KPK Dapat Informasi Ada Oknum Ngaku Bisa Urus Perkara Bea Cukai

6 hours ago 10

Jakarta, CNN Indonesia --

Komisi Pemberantasan Korupsi (KPK) mengungkapkan informasi mengenai oknum yang mengaku dapat mengurus penanganan perkara dugaan suap importasi barang dan gratifikasi di lingkungan Direktorat Jenderal Bea dan Cukai berasal dari Jawa Tengah.

"Kalau kemarin kami sampaikan terkait adanya pihak-pihak yang mengaku bisa mengurus perkara terkait dengan cukai, kali ini kami mendapatkan informasi kembali adanya pihak-pihak yang mengklaim bisa mengatur dan mengurus perkara penyidikan di KPK, khususnya dalam perkara Bea dan Cukai ini, dalam hal pengurusan importasi barangnya atau yang terkait dengan pengurusan bea," ujar Juru Bicara KPK Budi Prasetyo di Kantornya, Jakarta, Senin (4/5) malam.

"Informasi ini kami dapatkan di wilayah sekitar Semarang," sambungnya.

ADVERTISEMENT

SCROLL TO CONTINUE WITH CONTENT

KPK meminta pihak terkait termasuk saksi-saksi yang hendak diperiksa untuk tidak mempercayai informasi tersebut.

Budi menjelaskan penanganan perkara di KPK dilakukan secara terbuka dengan pengambilan keputusan oleh pimpinan dilakukan secara kolektif kolegial. Selain itu, juga melibatkan tim-tim terkait, baik dari penyelidik, penyidik maupun penuntutan.

"Sehingga kami pastikan seluruh proses yang dilakukan oleh KPK dilakukan secara profesional, termasuk dalam hal penetapan pihak-pihak sebagai tersangka," kata dia.

Periksa PNS Bea Cukai

Pada hari ini, penyidik KPK telah merampungkan pemeriksaan terhadap saksi Salisa Asmoaji selaku PNS pada Ditjen Bea dan Cukai Kementerian Keuangan. Ini merupakan pemeriksaan keempat bagi yang bersangkutan.

"Ini pemeriksaan untuk sekian kalinya di mana dalam pemeriksaan hari ini penyidik mendalami kembali pengetahuan dari saksi saudara SA mengenai dugaan penerimaan yang dilakukan oleh oknum di Ditjen Bea dan Cukai dalam hal pengurusan cukai," ungkap Budi.

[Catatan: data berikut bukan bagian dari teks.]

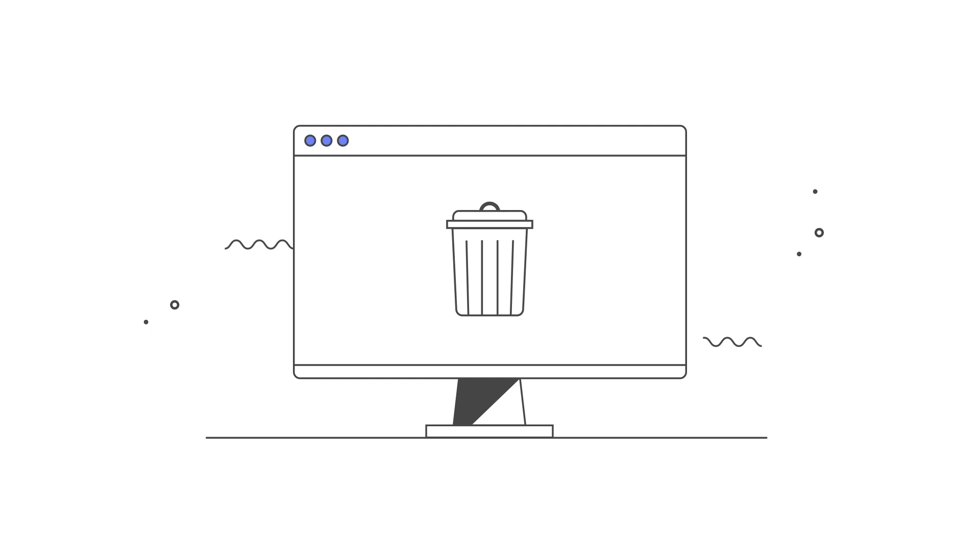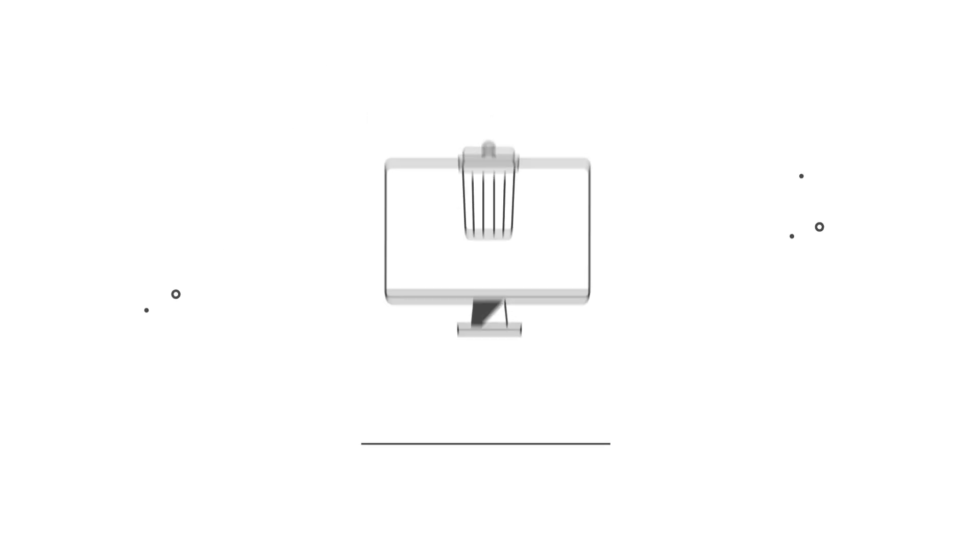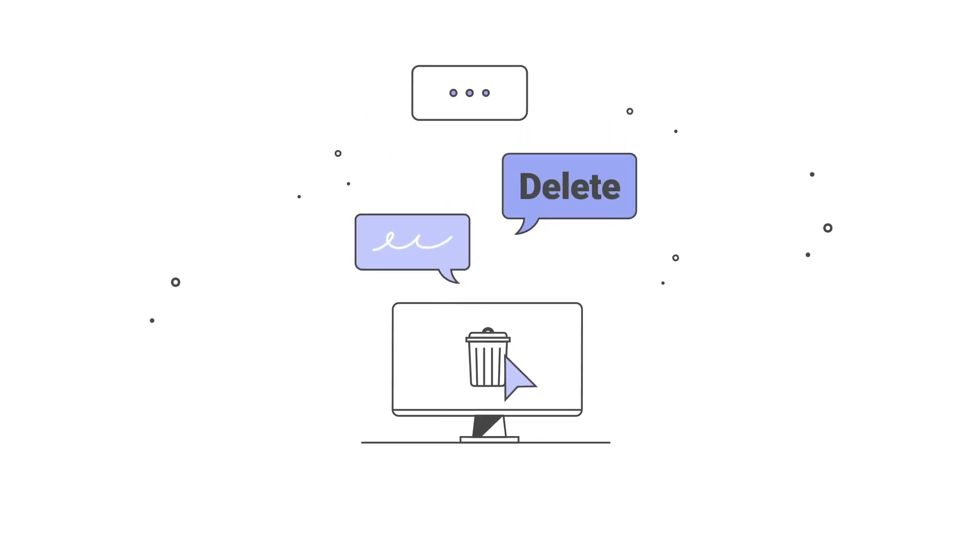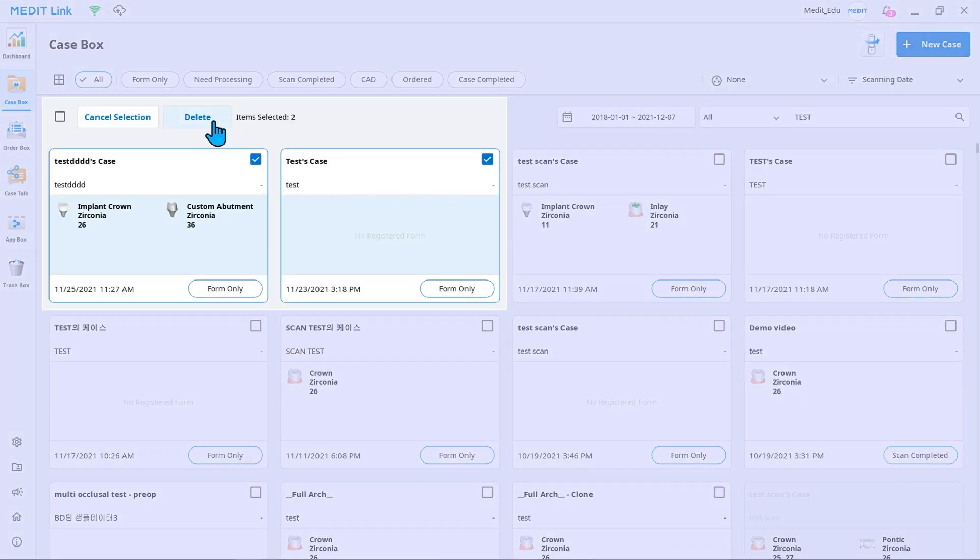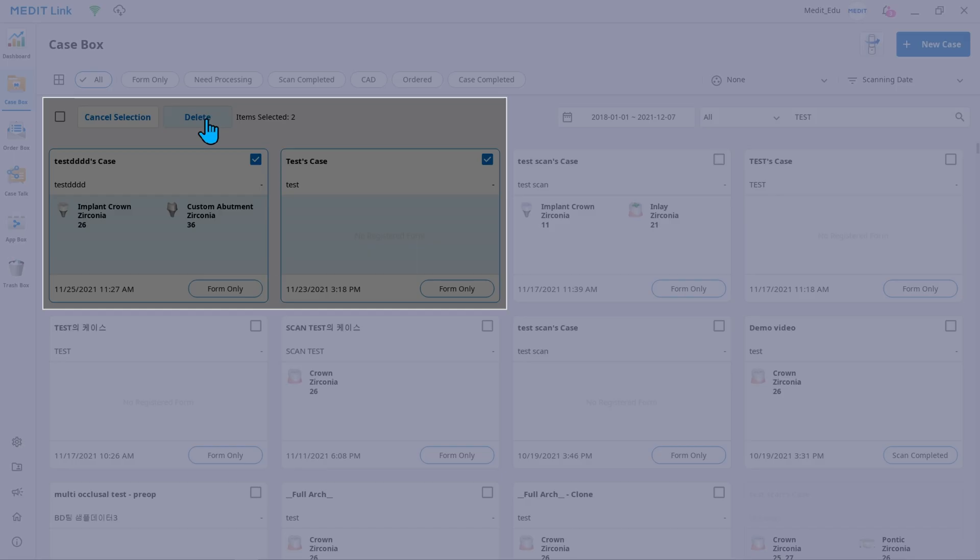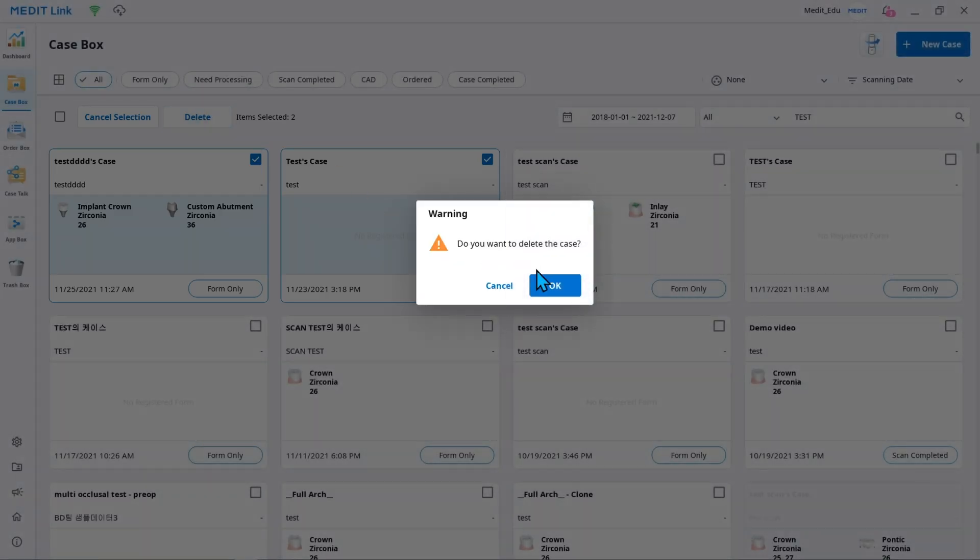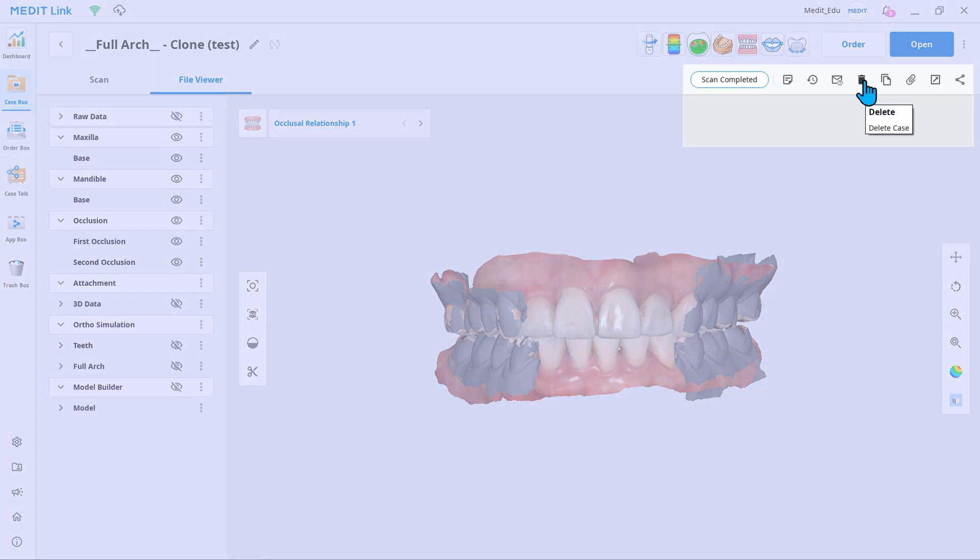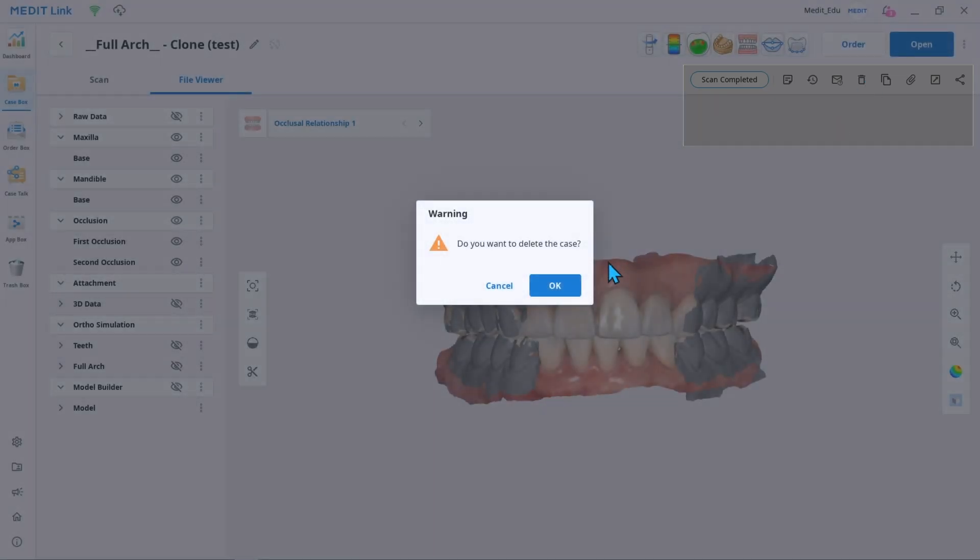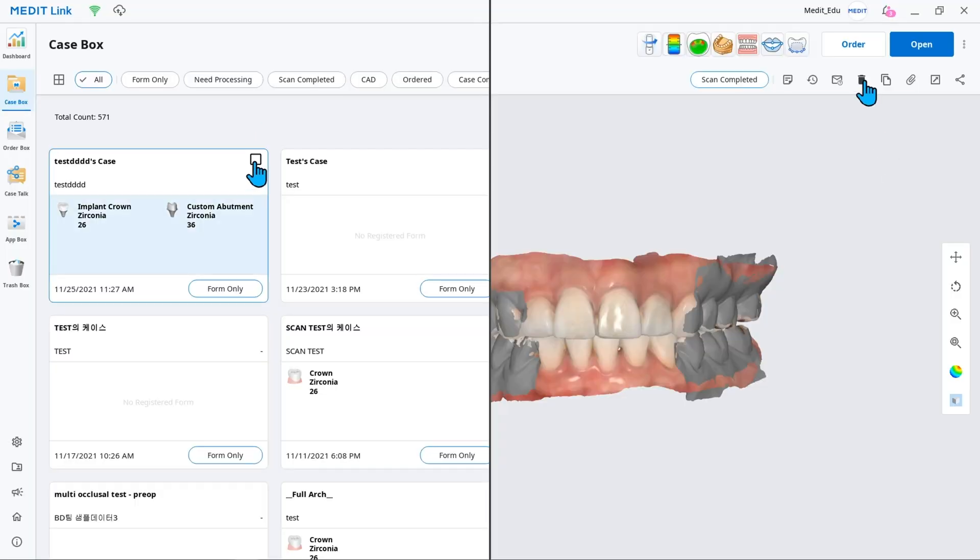There are three ways to clean up files in Medit Link. The first one is to delete cases from the case box. Select all the cases you don't need and click delete. The second one is to delete a single case file when it is opened. Just find the delete icon at the top.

Proses hukum tersebut untuk melengkapi berkas perkara tujuh orang tersangka yang sudah ditetapkan KPK dalam kasus dugaan suap importasi barang dan gratifikasi.

Mereka ialah mantan Direktur Penyidikan & Penindakan Direktorat Jenderal Bea dan Cukai periode 2024-Januari 2026 Rizal; Kepala Subdirektorat Intelijen Penindakan dan Penyidikan Ditjen Bea dan Cukai (Kasubdit Intel P2 DJBC) Sisprian Subiaksono.

Kemudian Kepala Seksi Intelijen Direktorat Jenderal Bea dan Cukai (Kasi Intel DJBC) Orlando; Ketua Tim Dokumen Importasi PT Blueray, Andri; Pegawai Ditjen Bea dan Cukai Budiman Bayu Prasojo; Pemilik PT Blueray bernama John Field; dan Manajer Operasional PT Blueray Dedy Kurniawan.

Para tersangka sudah dilakukan penahanan di Rumah Tahanan Negara (Rutan) KPK.

Teruntuk pihak dari PT Blueray, penyidik sudah melimpahkan berkas perkara ke Jaksa Penuntut Umum (JPU). Mereka akan menghadapi persidangan.

Dalam proses penyidikan berjalan, KPK sudah menggeledah Safe Deposit Box (SDB) di salah satu bank di wilayah Kota Medan yang diduga milik Rizal. SDB tersebut berisi logam mulia, uang valas dolar Amerika Serikat dan Ringgit, serta uang Rupiah dengan nilai keseluruhan sekitar Rp2 miliar.

KPK sebelumnya juga melakukan penyitaan barang bukti dari Direktur Utama PT Sinkos Multimedia Mandiri, Faizal Assegaf.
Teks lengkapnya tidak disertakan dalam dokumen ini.